On September 24, 1890, LDS President Wilford Woodruff drafted the text of a momentous announcement. After conferring with other church leaders, he issued what has since been called the Woodruff Manifesto to the Associated Press on September 25. Woodruff's key sentence stated: "I now publicly declare that my advice to the Latter-day Saints is to refrain from contracting any marriage forbidden by the law of the land." It was published in many newspapers across the country, and, though some doubted its authenticity or sincerity, it signaled a major shift of direction in church doctrine and practice and cleared the path toward statehood.
Permanent formation of national parties occurred in Utah in 1891. On May 29 the officers of the People's party met in Salt Lake City and voted to disband the party and advised the members to join one of the two major national political parties.

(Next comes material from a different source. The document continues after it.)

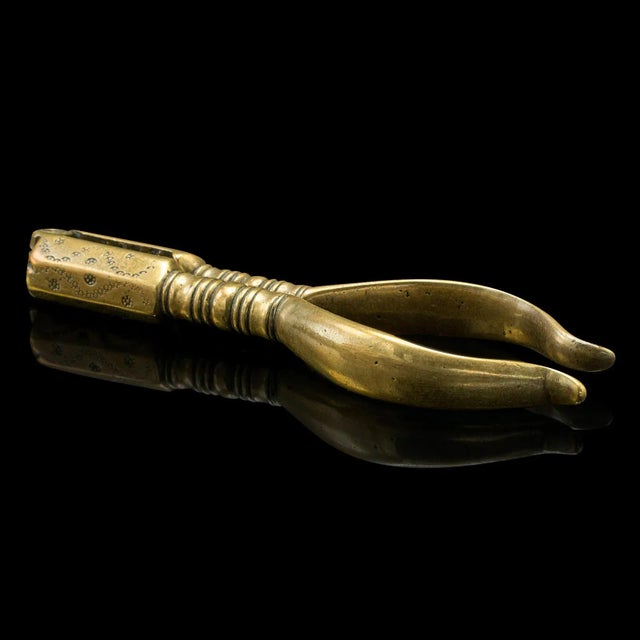 Brass 1800's Small Pair of Antique English Brass Pistachio Nutcrackers For Sale - Image 8 of 10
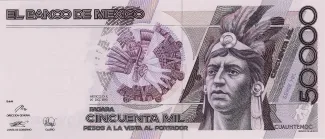 Mexico 50.000 Pesos, 1990 image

On July 6 the Democrats held their convention and nominated a slate of candidates for Salt Lake County offices. On July 8 the Republicans met and nominated their first county ticket. The two parties met several times during July to effect their organization and to field legislative candidates for the August 3 election. Democrats and Liberals won most of the offices. The Liberal party did not disband until December 18, 1893.
Congress passed the Enabling Act, which set forth the steps Utah must take to achieve statehood. It was signed by President Cleveland on July 16, 1894. On November 6 voters elected 107 delegates to a constitutional convention to be held in Salt Lake City the following year.
On March 4, 1895, the delegates met in the new Salt Lake City and County Building and framed Utah's constitution. In accordance with provisions of the Enabling Act, it "forever" banned the practice of polygamy. The delegates represented a mix of Mormons and non-Mormons from a wide range of backgrounds. They completed their work on May 6 and signed the engrossed document on May 8. At the general election on November 5, 1895, the new constitution was ratified, and state officials and state legislators were elected.
On January 4, 1896, President Cleveland proclaimed Utah a state on an equal footing with the other states of the Union. The long battle for statehood was won, and most Utahns joined in jubilant celebrations held throughout the new 45th state. On January 6 state officials were inaugurated at impressive ceremonies held in the Salt Lake Tabernacle.